The financial and transport hub was hit hard last year by local virus-related restrictions, border closures around the world and sluggish global economy.
The bellwether economy shrank 5.8% in 2020, preliminary data showed on Monday, slightly better than the official forecast for a contraction of between 6.5% and 6%. The government has previously said it expects gross domestic product (GDP) to grow 4% to 6% this year.
The city-state has eased most of its coronavirus rules, although its borders remain largely shut. It began its COVID-19 inoculation programme last week, and the government is keen to open more of the economy with the help of the vaccine in a country dependent on travel and trade.
“Recovery going forward in 2021 will probably continue to be quite gradual,” said Barclays regional economist Brian Tan. “And a lot of it will depend on the speed at which the government can distribute the COVID vaccines and whether or not this can allow us to reopen the borders more quickly.”
GDP contracted 3.8% in October-December on a year-on-year basis, the ministry of trade and industry said in a statement, an improvement over the 5.6% drop in the third quarter. Economists polled by Reuters had expected a decline of 4.5%, according to the median of their forecasts.

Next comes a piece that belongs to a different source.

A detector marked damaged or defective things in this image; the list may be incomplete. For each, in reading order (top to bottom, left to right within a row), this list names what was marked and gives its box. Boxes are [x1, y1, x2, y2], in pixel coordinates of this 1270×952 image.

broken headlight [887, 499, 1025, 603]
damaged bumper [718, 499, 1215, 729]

GDP grew 2.1% on a quarter-on-quarter seasonally adjusted basis in October-December, slowing from the 9.5% expansion in the third quarter.

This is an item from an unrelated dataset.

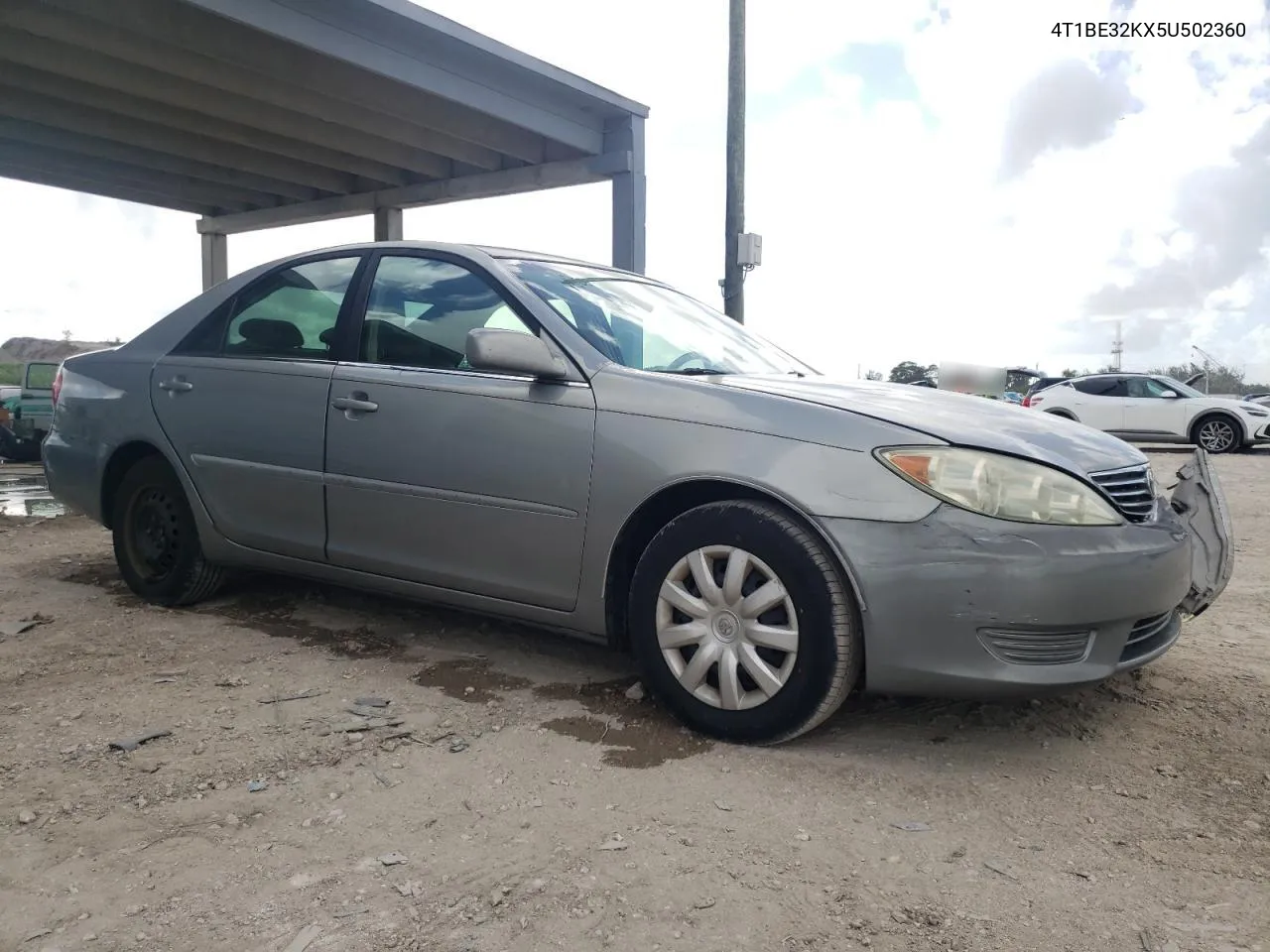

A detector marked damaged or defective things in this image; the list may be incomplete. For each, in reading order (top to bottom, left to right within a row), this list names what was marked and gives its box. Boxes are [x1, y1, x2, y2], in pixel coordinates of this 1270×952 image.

damaged front bumper [1168, 449, 1229, 619]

The Singapore dollar edged up to S$1.3203 per U.S. dollar, its highest since April 2018, after the data.
Prime Minister Lee Hsien Loong said last week that while the economy was seeing signs of stabilisation, the recovery will be uneven, and activity is likely to remain below pre-COVID-19 levels for some time.

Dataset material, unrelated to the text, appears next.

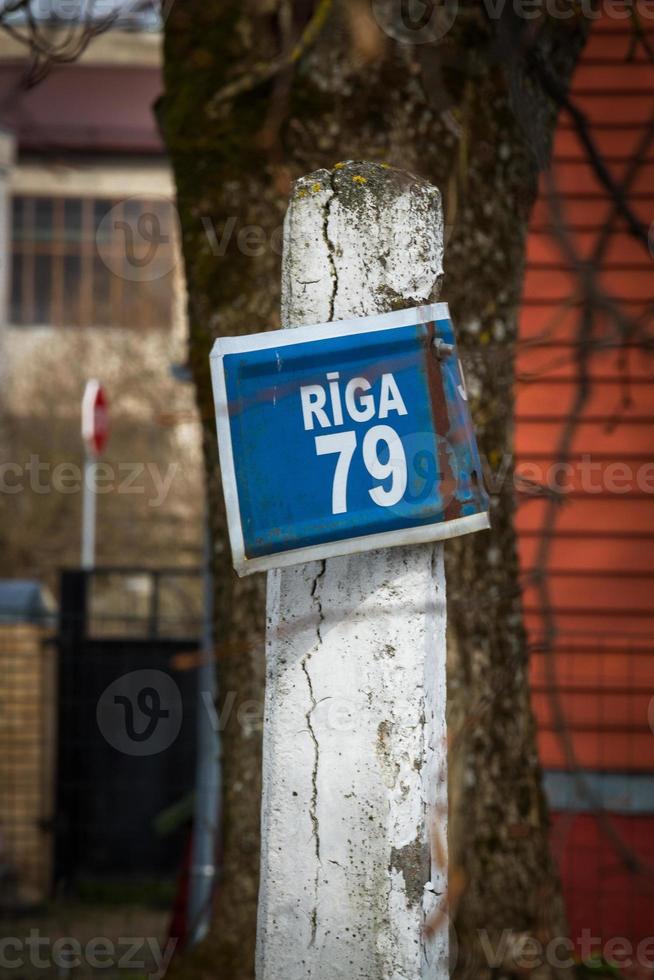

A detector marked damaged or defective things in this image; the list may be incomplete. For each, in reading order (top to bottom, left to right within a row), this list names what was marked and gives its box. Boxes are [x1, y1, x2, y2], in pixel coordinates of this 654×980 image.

peeling white paint [258, 163, 448, 980]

The Singapore government has spent about S$100 billion ($75.45 billion) or 20% of its GDP, on virus-related relief to support households and businesses.
The central bank left monetary policy unchanged at its last meeting in October and said its accommodative stance would remain appropriate for some time.
“We don’t expect any changes in the monetary policy for now,” said Jeff Ng, senior treasury strategist at HL Bank. “The main bulk will still remain in fiscal policy in order to support the economy to recovery in 2021.”